#### [Action item]
Copy exactly the lines of the data below, beginning with the line with "Breitling Avenger Automatic 42" and ending with the line with "Photo 1 - Hampton Inn El Dorado". Pictures are to be omitted.

#### [Raw data]
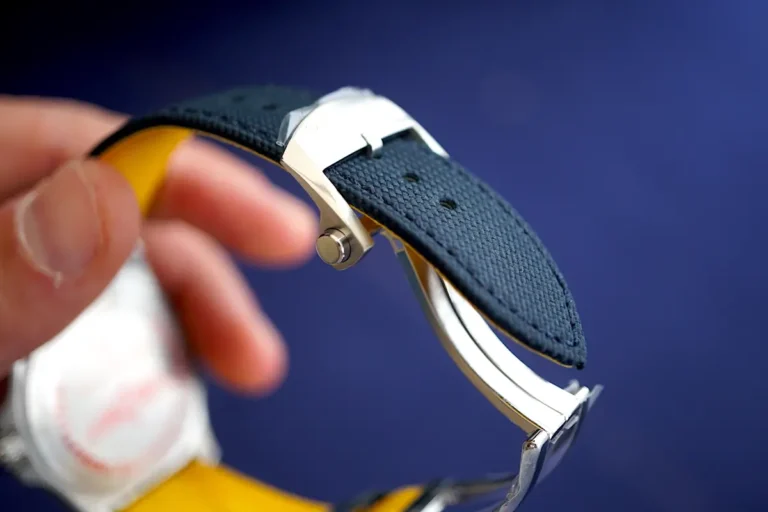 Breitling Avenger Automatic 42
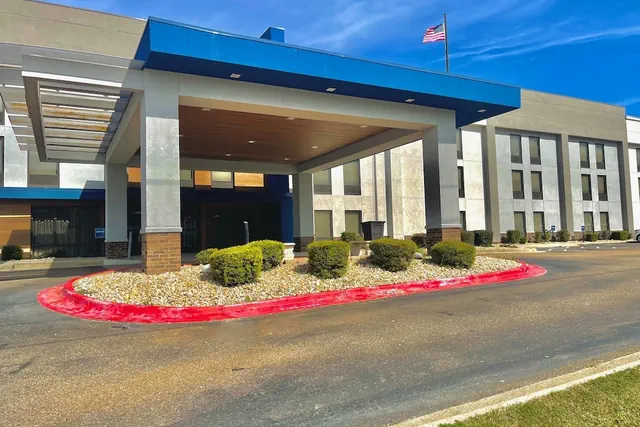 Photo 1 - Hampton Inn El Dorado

==

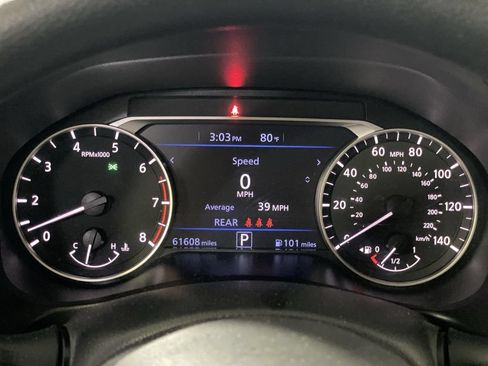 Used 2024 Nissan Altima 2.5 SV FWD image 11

---

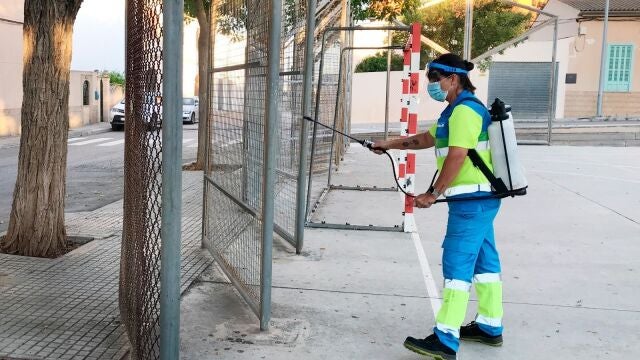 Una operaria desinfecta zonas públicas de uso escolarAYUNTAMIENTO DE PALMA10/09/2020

#### [Written reply]
 Breitling Avenger Automatic 42
 Photo 1 - Hampton Inn El Dorado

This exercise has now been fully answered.